Over the last few decades, several studies were carried out to investigate whether or not personality undergoes a drastic change after the age of 30. During these investigations, many personality psychologists did studies to find out if any of their theories of changes in personality took place, or if there was little to no substantial change. Since personality is such an umbrella term, certain aspects of personality underwent investigation to test whether or not persons over the age of 30 displayed noticeable change in each of the Big Five personality traits: Openness, Conscientiousness, Extraversion, Agreeableness, and Neuroticism. There was also a study conducted that chose to analyze personality changes of persons in the work place between the ages of 15 and 25, 25 and 45, and 45 and 65. There are also some arguments that suggest that personality change during adulthood may be the cause of genetics. And then there are those who suggest that there is little or no substantial change in personality over the age of 30. Needless to say that after summarizing, evaluating, and analyzing countless articles and studies, it is with extreme disappointment that I say that after all of these scores of "research" and "investigation", that no one with a PhD or a grad student in pursuit thereof has come to a definitive conclusion as to whether or not personality is amended after the age of 30. It is pretty safe to say that this study has been going on longer than finding the cure for AIDS. Nevertheless, I give all persons conducting this study the benefit of the doubt. AIDS was discovered a little over 20 years succeeding the initiation of this particular study.

One study in particular (Cattell, 1967, p. 280) measured the qualities of surgency, which include enthusiasm, impulsiveness, high spirits, and loquacity and determined that these qualities, under the aspect of Extraversion deteriorate with age. This study also stated that typically, humans become more subdued, prudent, cautious and less inclined to socialize with age which could be because of reduced energy, increased inhibition, or both. It is common knowledge that the sight of someone over the age of 30 doing keg stands at backyard barbeques every weekend would be exceedingly amusing, though highly unlikely, unless this person was going through a severe mid-life crisis and used this release of inhibition as his cry for both attention and help. This study also suggests that the decreasing shyness of parmia - a word undefined by the omnipresence that is Wikipedia - which refers to the parasympathetic immunity to threat, is due to an increasingly extensive awareness of the people in the subjects' environments. In other words, the subjects of this study may have once been misconstrued as misanthropes because they chose not to socialize with persons around them, when in fact, the persons around them possessed less than thrilling qualities. Hence, the subjects chose to leave people like these behind. Upon completion of this study, it was found that changes in personality took place after the age of 30, but it was made clear that the study did not and could not arrive to a definite conclusion of as to whether or not personality changes after a certain age.

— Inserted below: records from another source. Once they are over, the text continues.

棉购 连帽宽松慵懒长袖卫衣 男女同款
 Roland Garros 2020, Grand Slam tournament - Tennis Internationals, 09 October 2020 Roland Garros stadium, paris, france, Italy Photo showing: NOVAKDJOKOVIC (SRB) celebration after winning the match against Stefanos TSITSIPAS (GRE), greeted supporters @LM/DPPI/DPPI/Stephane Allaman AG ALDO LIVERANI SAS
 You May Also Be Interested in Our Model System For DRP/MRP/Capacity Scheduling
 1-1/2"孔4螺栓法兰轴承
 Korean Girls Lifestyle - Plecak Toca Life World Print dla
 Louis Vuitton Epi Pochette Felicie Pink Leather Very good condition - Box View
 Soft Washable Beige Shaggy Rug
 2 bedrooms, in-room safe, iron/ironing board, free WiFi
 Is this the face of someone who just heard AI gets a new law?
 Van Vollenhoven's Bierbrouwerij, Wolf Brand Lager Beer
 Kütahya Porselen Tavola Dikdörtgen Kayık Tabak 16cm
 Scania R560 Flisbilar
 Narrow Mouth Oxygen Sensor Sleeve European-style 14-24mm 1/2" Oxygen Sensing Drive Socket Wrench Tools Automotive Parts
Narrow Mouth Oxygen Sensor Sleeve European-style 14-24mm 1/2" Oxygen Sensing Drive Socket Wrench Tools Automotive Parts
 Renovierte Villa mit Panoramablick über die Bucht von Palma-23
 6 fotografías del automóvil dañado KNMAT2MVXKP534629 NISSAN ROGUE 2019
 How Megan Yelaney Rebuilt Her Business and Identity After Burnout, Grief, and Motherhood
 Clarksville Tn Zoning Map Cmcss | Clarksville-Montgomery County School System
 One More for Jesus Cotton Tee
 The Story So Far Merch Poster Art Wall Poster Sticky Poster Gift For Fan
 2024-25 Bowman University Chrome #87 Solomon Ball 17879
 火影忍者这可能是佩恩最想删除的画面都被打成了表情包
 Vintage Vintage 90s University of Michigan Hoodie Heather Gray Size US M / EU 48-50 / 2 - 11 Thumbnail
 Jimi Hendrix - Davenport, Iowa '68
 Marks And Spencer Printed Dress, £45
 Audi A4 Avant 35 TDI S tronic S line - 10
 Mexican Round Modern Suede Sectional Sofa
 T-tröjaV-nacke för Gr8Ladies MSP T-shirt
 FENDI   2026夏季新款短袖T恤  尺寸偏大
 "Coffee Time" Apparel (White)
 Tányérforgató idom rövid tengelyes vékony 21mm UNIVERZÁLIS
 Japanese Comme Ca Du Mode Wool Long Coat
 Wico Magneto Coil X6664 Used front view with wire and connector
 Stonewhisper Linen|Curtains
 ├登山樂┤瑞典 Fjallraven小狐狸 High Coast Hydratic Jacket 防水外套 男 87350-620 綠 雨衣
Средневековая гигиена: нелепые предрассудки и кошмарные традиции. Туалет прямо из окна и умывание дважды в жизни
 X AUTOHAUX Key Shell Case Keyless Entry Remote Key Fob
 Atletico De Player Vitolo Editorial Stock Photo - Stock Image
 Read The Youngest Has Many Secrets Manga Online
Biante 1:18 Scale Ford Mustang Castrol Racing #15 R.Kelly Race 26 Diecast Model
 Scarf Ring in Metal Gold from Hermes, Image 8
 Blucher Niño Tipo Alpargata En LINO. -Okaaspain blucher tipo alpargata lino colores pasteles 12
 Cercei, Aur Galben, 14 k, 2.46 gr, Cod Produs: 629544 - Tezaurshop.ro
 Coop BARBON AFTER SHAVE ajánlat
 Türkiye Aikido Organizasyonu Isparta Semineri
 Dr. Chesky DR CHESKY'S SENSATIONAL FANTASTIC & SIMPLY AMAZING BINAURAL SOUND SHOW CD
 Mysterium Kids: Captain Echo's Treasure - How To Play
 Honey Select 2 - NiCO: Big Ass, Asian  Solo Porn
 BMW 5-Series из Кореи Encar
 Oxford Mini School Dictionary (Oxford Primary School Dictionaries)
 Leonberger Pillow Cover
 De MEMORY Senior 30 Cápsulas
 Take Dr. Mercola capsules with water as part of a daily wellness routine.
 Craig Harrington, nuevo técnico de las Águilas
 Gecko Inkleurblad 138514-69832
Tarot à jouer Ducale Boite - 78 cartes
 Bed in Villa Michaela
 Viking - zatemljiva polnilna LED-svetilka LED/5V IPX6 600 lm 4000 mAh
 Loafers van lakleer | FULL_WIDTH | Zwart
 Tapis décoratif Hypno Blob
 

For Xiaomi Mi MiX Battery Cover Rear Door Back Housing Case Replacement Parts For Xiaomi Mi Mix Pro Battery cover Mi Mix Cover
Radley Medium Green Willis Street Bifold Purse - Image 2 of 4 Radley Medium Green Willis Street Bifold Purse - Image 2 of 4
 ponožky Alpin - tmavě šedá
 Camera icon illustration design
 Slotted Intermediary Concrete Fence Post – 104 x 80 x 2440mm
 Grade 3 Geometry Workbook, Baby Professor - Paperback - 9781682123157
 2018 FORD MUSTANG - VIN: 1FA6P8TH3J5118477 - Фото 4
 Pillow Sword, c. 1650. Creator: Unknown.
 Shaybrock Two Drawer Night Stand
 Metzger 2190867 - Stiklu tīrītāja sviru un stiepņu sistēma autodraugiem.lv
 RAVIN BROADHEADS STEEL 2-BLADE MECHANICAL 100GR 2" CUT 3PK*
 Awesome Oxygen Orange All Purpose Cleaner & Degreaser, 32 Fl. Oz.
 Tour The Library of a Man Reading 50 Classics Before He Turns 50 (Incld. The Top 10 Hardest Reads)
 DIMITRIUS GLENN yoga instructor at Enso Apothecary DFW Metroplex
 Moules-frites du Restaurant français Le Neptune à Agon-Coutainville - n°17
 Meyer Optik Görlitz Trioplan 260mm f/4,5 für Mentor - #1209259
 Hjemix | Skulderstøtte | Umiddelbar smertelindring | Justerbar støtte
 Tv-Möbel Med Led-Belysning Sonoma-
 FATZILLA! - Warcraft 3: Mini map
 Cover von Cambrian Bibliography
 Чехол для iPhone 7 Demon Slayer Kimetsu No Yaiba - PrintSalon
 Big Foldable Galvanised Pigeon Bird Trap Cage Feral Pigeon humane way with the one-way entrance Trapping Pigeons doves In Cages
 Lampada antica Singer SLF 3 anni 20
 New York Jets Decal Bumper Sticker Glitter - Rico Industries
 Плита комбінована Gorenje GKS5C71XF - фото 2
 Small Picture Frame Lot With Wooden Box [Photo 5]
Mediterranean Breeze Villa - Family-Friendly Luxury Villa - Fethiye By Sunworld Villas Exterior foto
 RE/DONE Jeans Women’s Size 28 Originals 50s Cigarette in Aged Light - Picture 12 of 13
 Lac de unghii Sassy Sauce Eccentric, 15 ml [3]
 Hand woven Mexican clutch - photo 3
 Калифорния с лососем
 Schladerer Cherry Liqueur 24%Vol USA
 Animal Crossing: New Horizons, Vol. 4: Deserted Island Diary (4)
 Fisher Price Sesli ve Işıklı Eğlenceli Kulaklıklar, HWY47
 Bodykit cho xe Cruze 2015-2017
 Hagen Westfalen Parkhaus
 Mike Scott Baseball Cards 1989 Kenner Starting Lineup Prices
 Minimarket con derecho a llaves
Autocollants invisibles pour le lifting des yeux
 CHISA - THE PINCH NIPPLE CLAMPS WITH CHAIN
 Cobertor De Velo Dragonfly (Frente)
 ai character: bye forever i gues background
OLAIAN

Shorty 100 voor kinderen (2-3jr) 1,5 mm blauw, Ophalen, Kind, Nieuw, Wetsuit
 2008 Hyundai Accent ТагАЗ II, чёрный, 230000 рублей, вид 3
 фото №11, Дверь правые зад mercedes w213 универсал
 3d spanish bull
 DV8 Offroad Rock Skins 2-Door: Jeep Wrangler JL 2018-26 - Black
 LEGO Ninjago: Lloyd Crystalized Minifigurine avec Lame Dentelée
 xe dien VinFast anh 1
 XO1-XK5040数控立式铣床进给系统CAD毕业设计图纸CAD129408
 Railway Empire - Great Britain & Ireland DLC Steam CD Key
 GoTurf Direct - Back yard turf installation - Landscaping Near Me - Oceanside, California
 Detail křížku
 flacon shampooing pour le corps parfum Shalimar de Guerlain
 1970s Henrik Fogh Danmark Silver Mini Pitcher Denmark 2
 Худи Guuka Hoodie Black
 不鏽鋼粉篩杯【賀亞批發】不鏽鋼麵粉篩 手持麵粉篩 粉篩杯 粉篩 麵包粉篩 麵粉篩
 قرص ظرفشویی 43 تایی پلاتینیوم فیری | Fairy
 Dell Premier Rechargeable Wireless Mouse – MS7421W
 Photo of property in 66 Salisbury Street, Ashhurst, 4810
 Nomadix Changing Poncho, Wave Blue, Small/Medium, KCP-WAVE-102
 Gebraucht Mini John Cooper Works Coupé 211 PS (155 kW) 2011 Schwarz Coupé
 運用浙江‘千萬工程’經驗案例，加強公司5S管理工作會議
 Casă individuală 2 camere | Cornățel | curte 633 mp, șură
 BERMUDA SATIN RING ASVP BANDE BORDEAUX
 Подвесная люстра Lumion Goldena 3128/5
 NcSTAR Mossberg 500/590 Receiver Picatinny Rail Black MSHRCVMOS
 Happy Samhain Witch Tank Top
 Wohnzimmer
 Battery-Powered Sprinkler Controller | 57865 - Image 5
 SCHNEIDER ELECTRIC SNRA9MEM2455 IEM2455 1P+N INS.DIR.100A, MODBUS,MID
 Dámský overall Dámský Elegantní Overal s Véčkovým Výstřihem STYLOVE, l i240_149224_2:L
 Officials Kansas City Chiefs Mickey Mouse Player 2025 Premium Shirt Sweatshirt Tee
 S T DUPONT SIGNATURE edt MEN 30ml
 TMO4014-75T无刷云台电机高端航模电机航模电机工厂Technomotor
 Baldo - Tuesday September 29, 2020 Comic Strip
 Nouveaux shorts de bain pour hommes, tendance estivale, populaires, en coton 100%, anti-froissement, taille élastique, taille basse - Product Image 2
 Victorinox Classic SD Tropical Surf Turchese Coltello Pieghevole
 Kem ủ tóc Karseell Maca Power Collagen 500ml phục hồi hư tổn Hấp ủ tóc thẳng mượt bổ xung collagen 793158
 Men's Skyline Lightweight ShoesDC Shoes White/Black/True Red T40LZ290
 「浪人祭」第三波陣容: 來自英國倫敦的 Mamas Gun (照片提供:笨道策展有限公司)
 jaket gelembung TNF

There was another study conducted (Wrightsman, 1988, p. 153) that suggested that adults undergo changes in personality after starting the part of their lives in which they enter the work force. This study puts forward the notion that the kind of work one does defines who they are as a person. They studied three different age groups and classified each of those groups under four stages. The first stage of personality development in adulthood consisted of subjects between the ages of 15 and 25. In this stage, subjects were found to be working in an exploratory or trial-and-error state. In essence, researchers state that subjects in this particular stage are sort of "testing the waters" because it is in this stage that persons in the work force usually change jobs more frequently than persons in other stages of personality development. The second stage of personality development in adulthood among subjects in the work environment is referred to as the establishment stage. The subjects in this group found themselves in a much settled state than the subjects of the first stage, i.e. less inclined to change jobs frequently. During this phase, the individual expects that working harder will offer some type of recognition or potential promotion. Also, during this phase, the worker may decide to seek additional training to expedite the chances of him receiving the promotion. A sense of stability is established during this stage. During the third stage, referred to as the maintenance stage including persons between the ages of 45-55, employees experience a sense of occupational continuity, or in other words, performing the same tasks over and over and day after day. The employee feels complacent and a sense of being fired because of unsuccessful attempts to arriving at the expected level of accomplishment. This could be due to advances in technology with which the employee at this stage may not be accustomed to. And the final stage, the deceleration stage consisting of persons between the ages of 55 and 65, the employee prepares himself for retirement and experiences critical discontinuity in both anything work related and the idea that the end of his life is drawing nigh. This study shows a difference in levels of Openness in the respect that someone who is in the second phase is more likely to make himself available to new ideas and preparation for a new position than someone in the third phase who is solely concerned about maintaining the job he now has.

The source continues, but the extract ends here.